俺の知り合いが全くいない明治時代にタイムスリップして、体を借りている『恭介』のおっかさんと双子の妹のしのしか、心から頼れる人がいない。その片割れを奪われてしまうかもしれないことに、妬いたのだ。
「雪がまだやみません。温まってくださると嬉しいです」
俺がそう返事をしてお辞儀をすると、商人たちはみんな優しい顔になった。
「この暖かいシチューは、体も心も温かくしてくれたよ。なんだか今日は、家で家族とゆっくり食事がしたくなった。飲み屋に寄らず、まっすぐ帰ろうかな」
「今夜は寒くなりましょう。どうぞ、家族と温かな家でゆっくりお過ごしください。また飲みに出たいときは、ぜひお座敷のご指名をお待ちしております」
おっかさんも、俺の横で彼らに頭を下げた。本当に彼らは満足してくれたようだ。お互いに取引も、良い結果だったのだろう。蕗谷亭を出て馬車に向かう彼らを、俺とおっかさんは雪の降る中頭を下げて見送った。
「恭介。あのすぅぷ、残ってるならあたしにも食べさせてくれないかい?」
おっかさんは、蕗谷亭に戻りながら隣に居る俺にそう言った。そうだ。おっかさんは、まだ昼飯を食っていない。
「あるよ! おっかさんにも、ぜひ食べて欲しい!」
食べ物に対して特別注文をしないおっかさんの珍しい言葉に喜んだ俺は、急いでシチューを温め直した。大蒜が効いたパンは、お座敷に出るおっかさんには良くない。普通のパンを、少し温めるように焼いた。辛子を隠し味にしたコールスローサラダも、おっかさんの分はある。
「はい、どうぞ」
手際よくおっかさんのお盆を用意して、俺はお茶の用意をした。おっかさんは、基本的に魚が好きだ。しかし、和風ポトフの時にも感じたけど洋風スープが好きなようだ――おとっつあんと暮らしていた時を、思い出すのだろうか?
「――うん、美味しいね。暖かいだけじゃない……優しい味がするよ」
スプーンでシチューを一口飲んだおっかさんは、ゆっくり味わって優しく笑った。
「恭介の、優しい味がする料理はきっとみんなが喜ぶ。早く、あんたの店が出来るといいね。あたしは、ずっと応援するよ」
「――おっかさんは、唐辛子を使った辛い物が好きじゃないか」
俺がからかうように言うと、おっかさんは子供みたいな無邪気な表情を見せた。そうして、横にいた俺を抱き締めた。
「お、おっかさん! 俺は、もう子供じゃないんだから!」
不意にいい香りがするおっかさんに抱き締められると、俺は照れてしまってそう声を上げた。だが、逃げるような素振りはしなかった。おっかさんがこんな事をするのは、本当に珍しいんだ。だから、おっかさんの好きにさせようと思った。
「随分荒れた手だね……すまないね、苦労をさせて。学校でも、辛い目に遭わせてたね。それに不満も言わず――本当に、あたしには出来過ぎた息子と娘だよ。しのが嫁に行くまで、恭介が店を持って嫁を貰うまで――あたしも、頑張るからね」
俺の荒れた手を優しく撫でながら、おっかさんは小さな声でそう俺に囁いた。しのが尋常小学校の同級生に、差別でいじめられて怪我をした時の事だろう。俺はもう卒業間近の時にこの時代に来たけど、学校に入った時から二人はいじめられていたのかもしれない。

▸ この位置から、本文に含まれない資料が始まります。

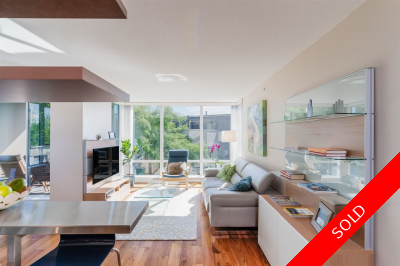 Yaletown Apartment/Condo for sale:  2 bedroom  (Listed 2021-09-15)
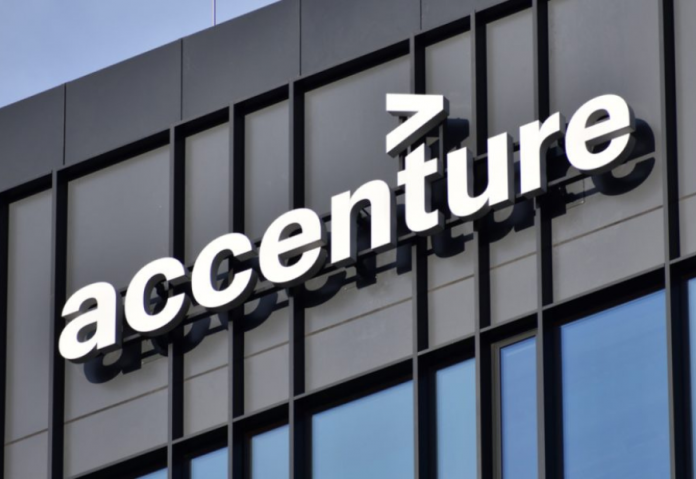 Accenture appoints Rajendra Prasad as Chief Information and Asset Engineering Officer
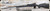 Weatherby - 6.5-300WbyMag - Mark V Accumark 2.0 - Black w/Grey spiderweb accents Hand-laid, raised Monte Carlo fiberglass stock w/matte gel coat/Spun Stainless w/Graphite Black Cerakote, 26"2-Toned Fluted Barrel, Mfg# MAM01N653WL8B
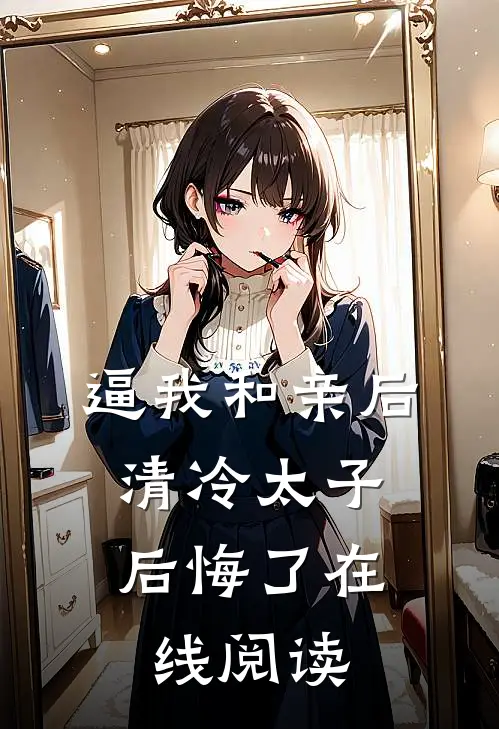 逼我和亲后，清冷太子后悔了在线阅读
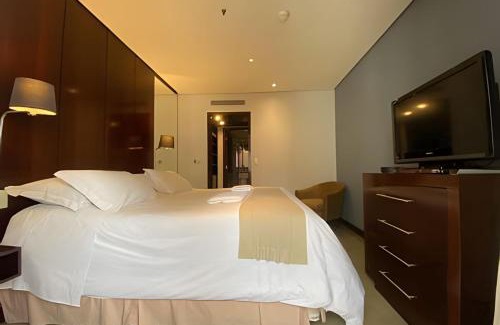 Itaim Bibi Apartment | Itaim Alto Padrão 2suítes MobInn 803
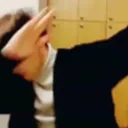 dab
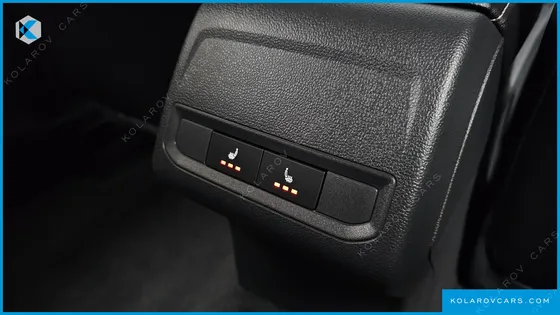 VOLKSWAGEN JETTA 1.5 TSI PRESTIGE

「……大丈夫だよ、おっかさん。俺もしのも、おっかさんに似ていい顔に育ってきたじゃないか。俺の嫁になりたいって人も多いだろうし、しのもきっといい人と結婚するよ。それに、これからもっと頑張って、俺がおっかさんとしのが楽になるように頑張るからさ。楽しみに待っててよ」
出来るだけ、俺は明るい声でそう言った。おっかさんの顔は見えない――だけど、ほぅと深く息を吐く仕草をして、着物の裾で涙をさりげなく拭ったようだ。
おっかさんは、まだ若い。英吉利に帰ったおとっつあんのことを忘れて、新しい恋をしてもいいんじゃないかな。俺たちの事ばかり心配して、おっかさんは誰にも頼らずに一人で頑張っている。男尊女卑が残るこの時代、芸者としてしか稼げない身で、たくさん苦労をしたはずだ。

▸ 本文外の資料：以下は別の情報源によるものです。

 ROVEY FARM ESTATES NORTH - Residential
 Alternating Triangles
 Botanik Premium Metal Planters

はやく、大人になりたい。おっかさんを、安心させたい。本当のお母さんじゃないけど――今の俺の、大切なおっかさんだ。
「きっと孫も、いい顔だろうね」
落ち着いただろうおっかさんは、そう言うと俺を離した。「冷めちゃ勿体ない」と、再びシチューを口にする。
「冷めたら、いつでも温めるよ。おっかさんのためなら、特別にね」
俺の言葉に、おっかさんは瞳を細めて綺麗に笑った。俺のシチューは、おっかさんの心も温められたかな?
雪は、夜になってもやまず一週間ほど降り続けた。俺はその間料理を暖かいものに変えて、みんなのために蕗谷亭でいつものように料理を作った。